At the time, Korea was divided between the Presbyterian and Methodist missionaries, and Underwood’s wish was for a unified Protestant religious order. In 1905, the resolution to form the General Council of Protestant Evangelical Missions in Korea was passed through Underwood’s advocacy.
Underwood said: “Whether we are all Methodist, Presbyterian, Baptist or Episcopalian, gathering closer to Christ pushes away the discrimination and differences between us, and uniting into one will be accomplishing God’s will.”
Although his dream of creating a unified church was not fully realized, it was slightly different for educational work. The Soongeui Girls’ School founded in Pyongyang grew into a nondenominational educational institute per his wish.
Legacy in education
Although the Jejungwon, Kuse School and Kyungshin High School were all related to Underwood, his founding of a higher educational institute in the colonial period was an especially amazing feat.
This institute was the establishment of Kyungshin College in 1915, recognized as Yonhi College by the governor-general of Korea in 1917. This school embodied his ideal of a nondenominational school and emphasized the liberal arts.
Yonhi College permitted the admittance of non-Christian students and created a system in order to develop into a college.
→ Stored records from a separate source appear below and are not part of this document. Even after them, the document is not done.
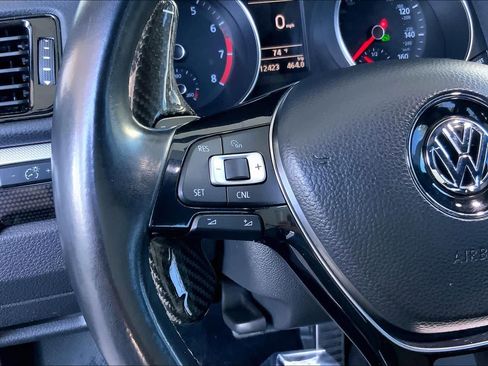 Used 2018 Volkswagen Passat GT image 24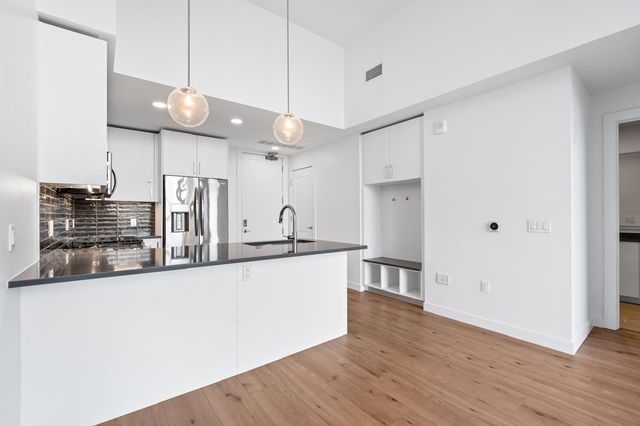 1212 Demonbreun St Apt 614, Nashville, TN 37203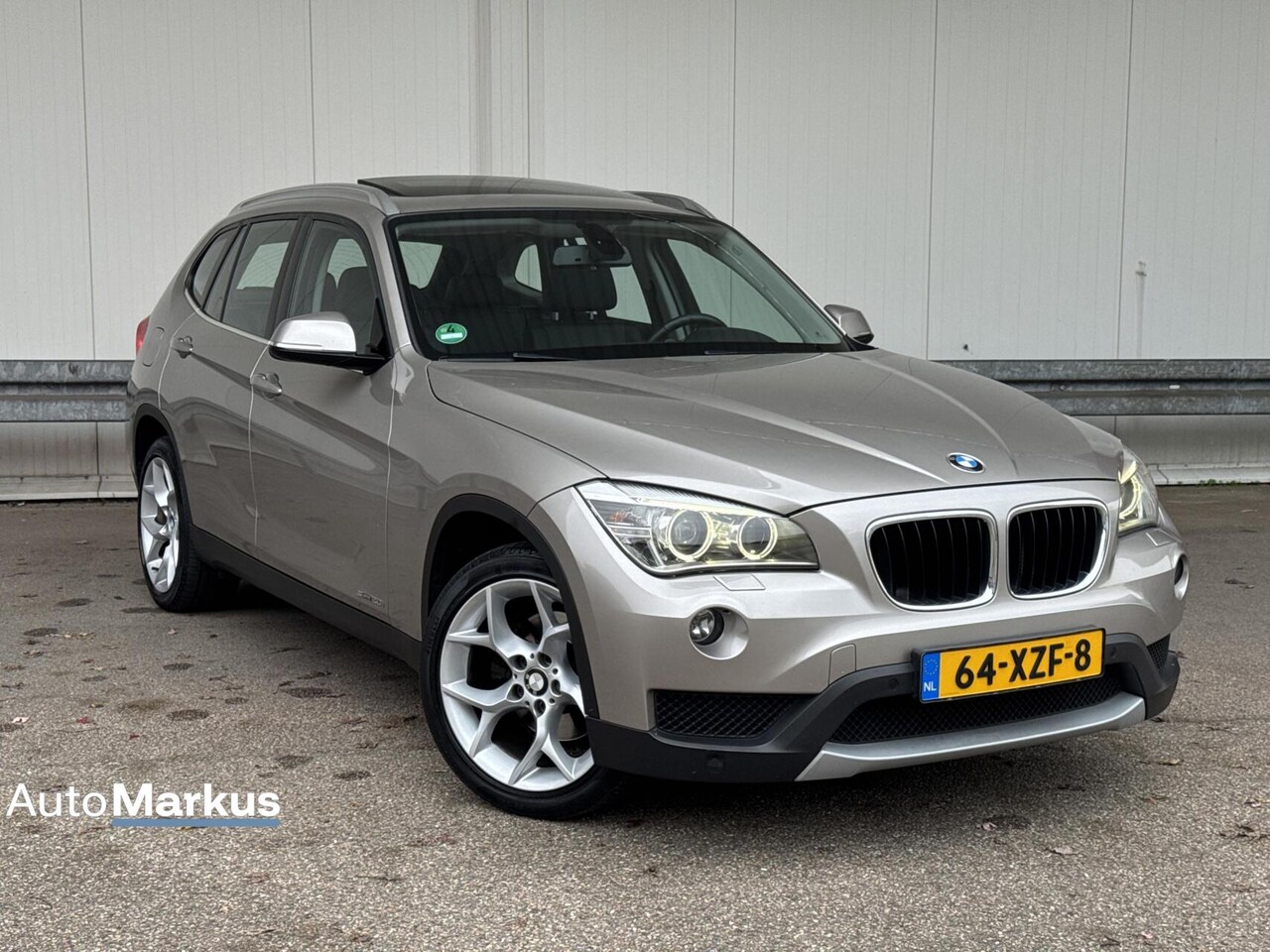 BMW X1 - sDrive 20i Automaat|Pano|Trekhaak|Xenon|Leder|NAP|18"|184PK|Navi|Cruise - AutoWereld.nl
The establishment of literature, commercial, agriculture, mathematics, physics, applied chemistry and theology departments created a collegiate system for raising talents in various fields. In addition, the official recognition of its theology department established a foothold for students of all majors to receive a Christian liberal arts education.
Kyungshin College, begun as a joint union of the American Presbyterian, Canadian Presbyterian and North Methodist Churches, appointed Underwood as its first president in the YMCA Building in Jongno, downtown Seoul.
After Underwood passed away, Oliver R. Avison of the Severance Medical College became his successor, and afterwards Underwood’s son, Horace Horton (1890-1951), also known as Won Han-kyong, succeeded him. After liberation in 1945, the school’s name changed to Yonhi College and combined with Severance Medical School to become Yonsei University in 1957.
Underwood, his son Horace Horton, his grandson Horace Grant II (1917-2004), or Won Il-han, and their wives lie buried in the Seoul Yanghwajin Foreigners’ Cemetery. Underwood’s remains were interred at Union Hill in the U.S. and moved to Korea in 1999.
Professor Kim In-hoe, who was close to Horace Grant II, recalled that he would express pride in his family, saying their uniqueness “came from their spirit of education spread and planted by the courageous footsteps of strong faith and vast love while not giving up hope no matter how difficult the situation.”